== Segment start ==

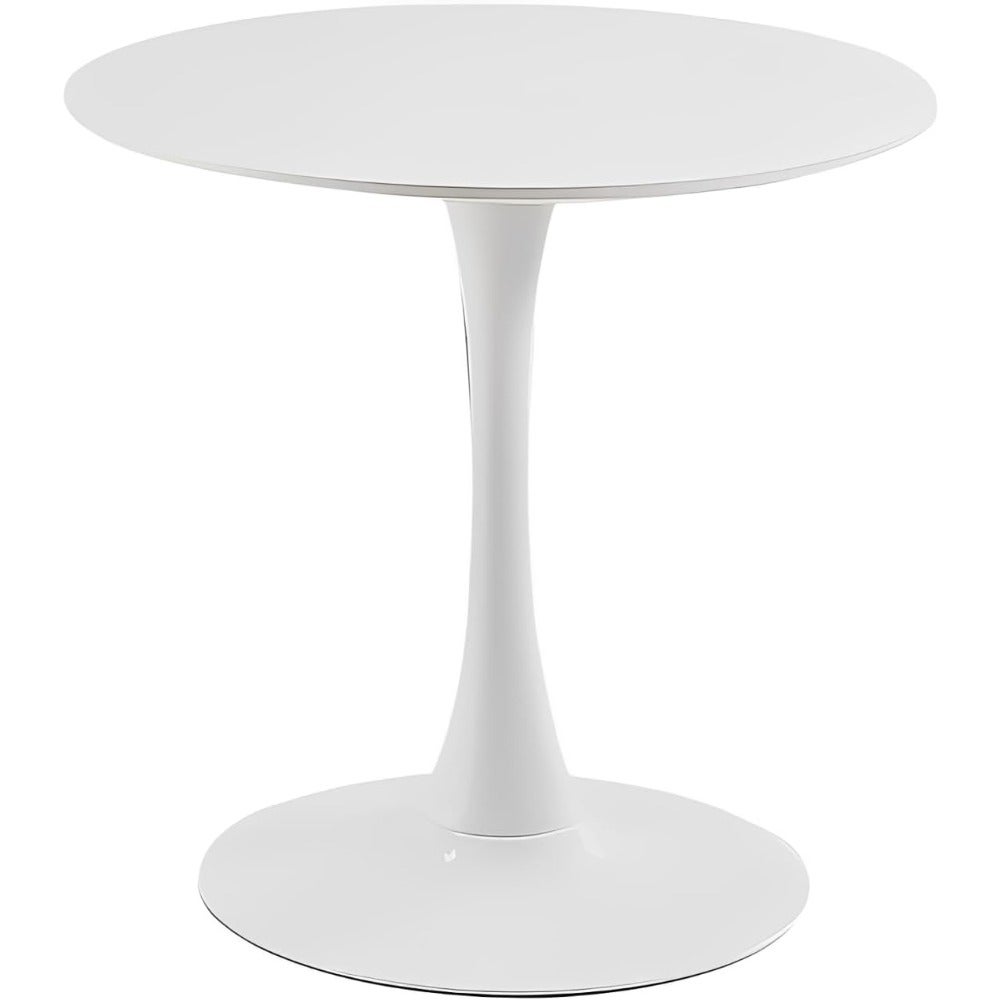 Modern White Tulip Pedestal Table Space-Saving Round Dining Table For Cafes, Kitchens Offices 76 cm Diameter x 75 cm Height MDF Top with Powder-Coated Steel Base Sleek Minimalist Design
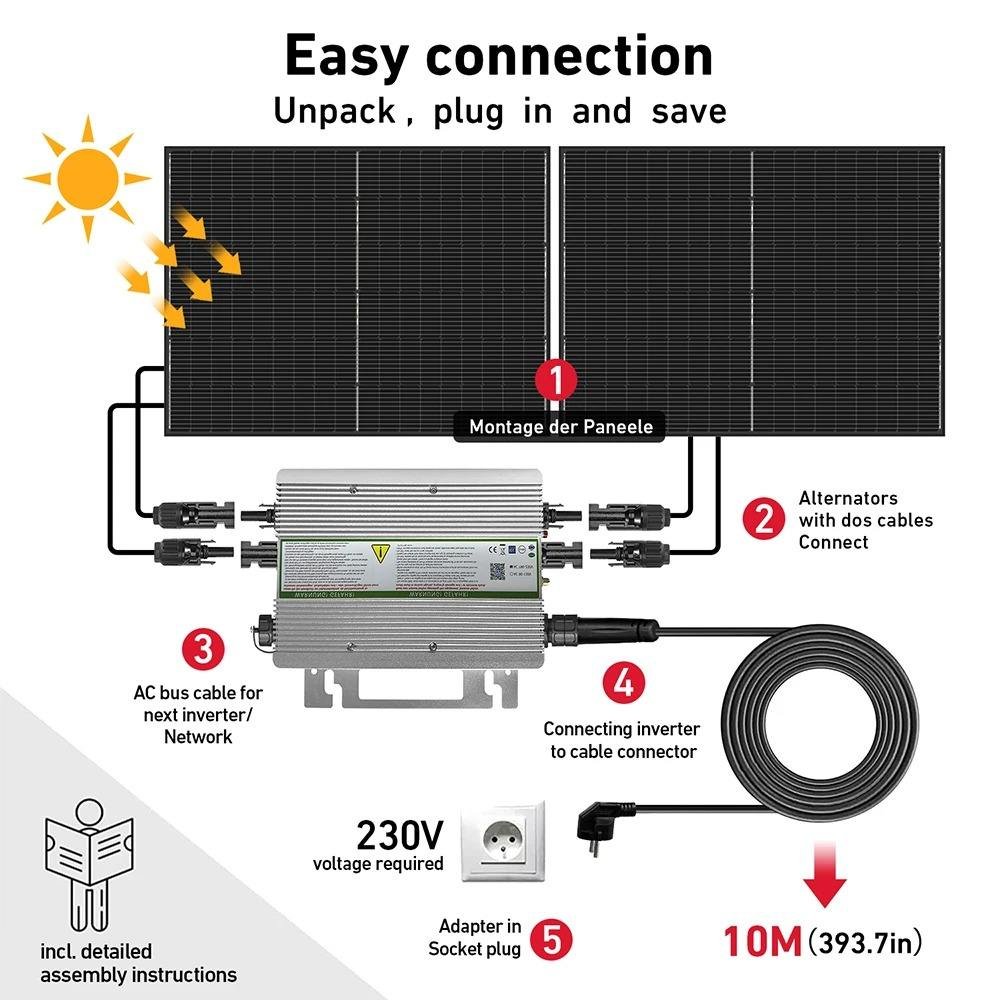 DOKIO m 800W Germany STOCK Balcony Solar Energy VDE Certified EU Speicher Balkonkraftwerk Solar System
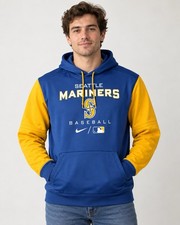 Nike Seattle Mariners MLB Therma-FIT Hoodie Men’s XXL Blue Gold Pullover picture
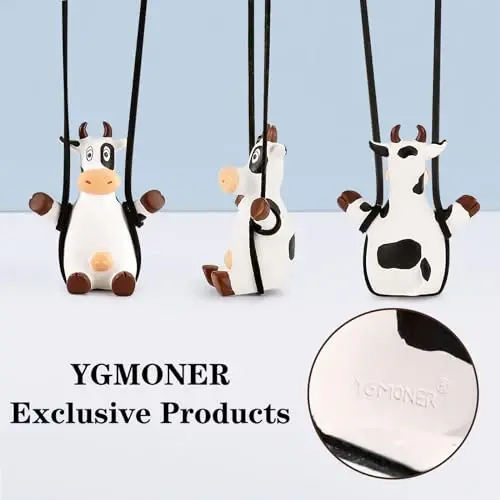 YGMONER Swinging Cow Car Interior Rearview Mirror Hanging Accessories (Cow) - 4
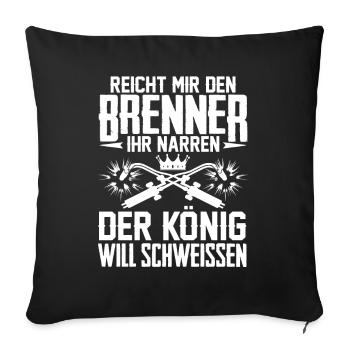Schweißen Schweißer Schweissen - Sofakissenbezug 45 x 45 cm - Schwarz - Vorne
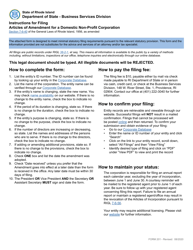 Document preview: Form 201 Articles of Amendment for a Domestic Non-profit Corporation - Rhode Island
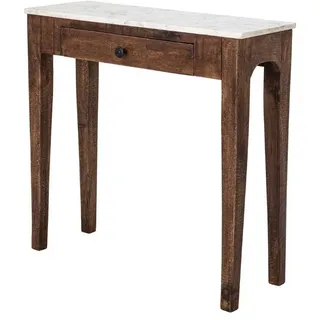 Bloomingville Konsolentisch HAUGE mit Marmor Platte 79x28 cm Beistelltisch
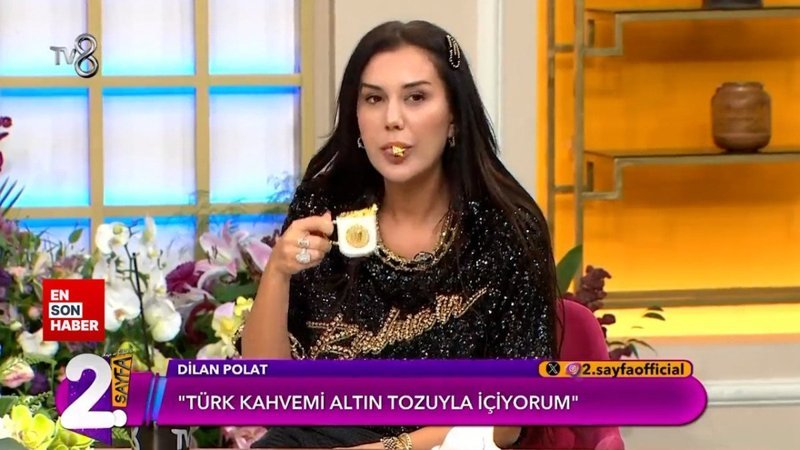 Dilan Polat, canlı yayında altın tozlu Türk kahvesi içti
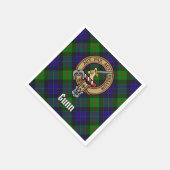 Clan Gunn Wappen über Tartan Serviette (Ecke)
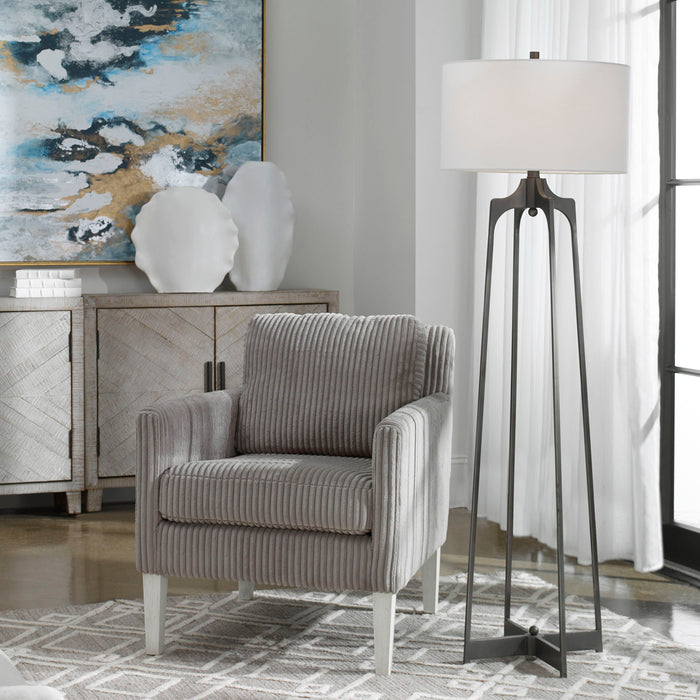 Adrian - Modern Floor Lamp - Pearl Silver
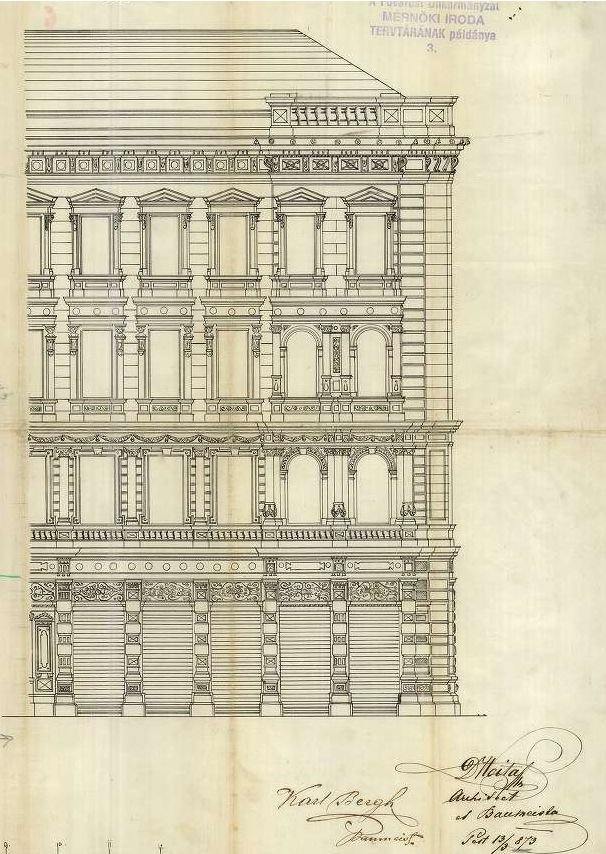 Kollerich Pál bérházának homlokzati terve 1873-ból (Forrás: Budapest Főváros Levéltára) 01 homlokzat.jpg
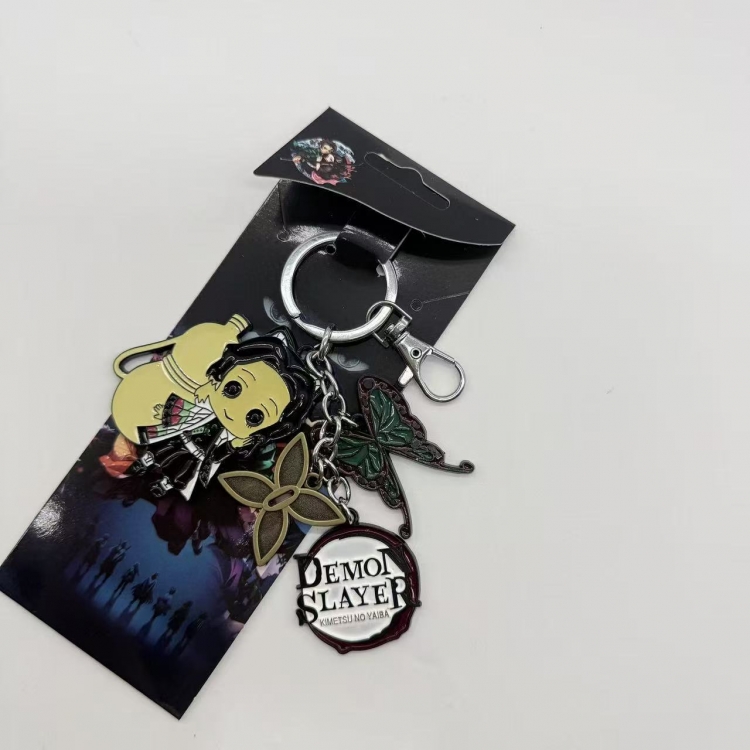 Demon Slayer Kimets Anime cartoon 4 pendant metal keychain backpack pendant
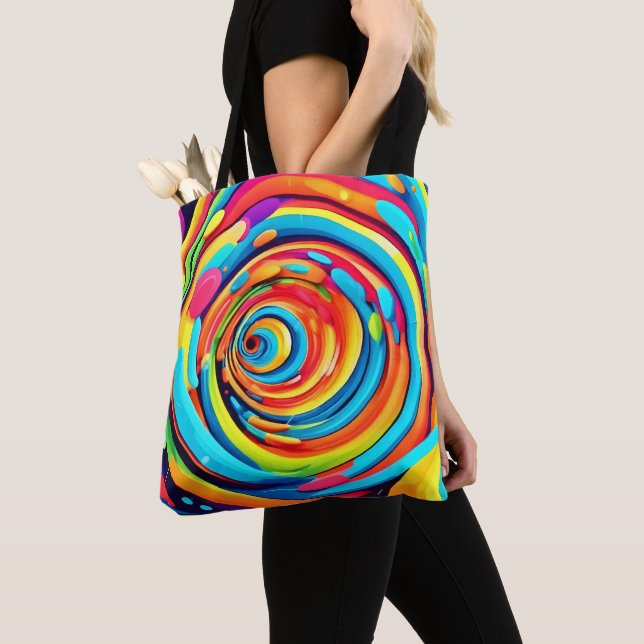 Swirling Colors in Psychedelic Tunnel Tote Bag (Close Up)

== Segment end ==

**About this exercise**
With the pictures excluded, the line containing "Kollerich Pál bérházának" and every line after it through the end of the data above are to be transcribed exactly, and nothing more.

**Completed task**
 Kollerich Pál bérházának homlokzati terve 1873-ból (Forrás: Budapest Főváros Levéltára) 01 homlokzat.jpg
 Demon Slayer Kimets Anime cartoon 4 pendant metal keychain backpack pendant
 Swirling Colors in Psychedelic Tunnel Tote Bag (Close Up)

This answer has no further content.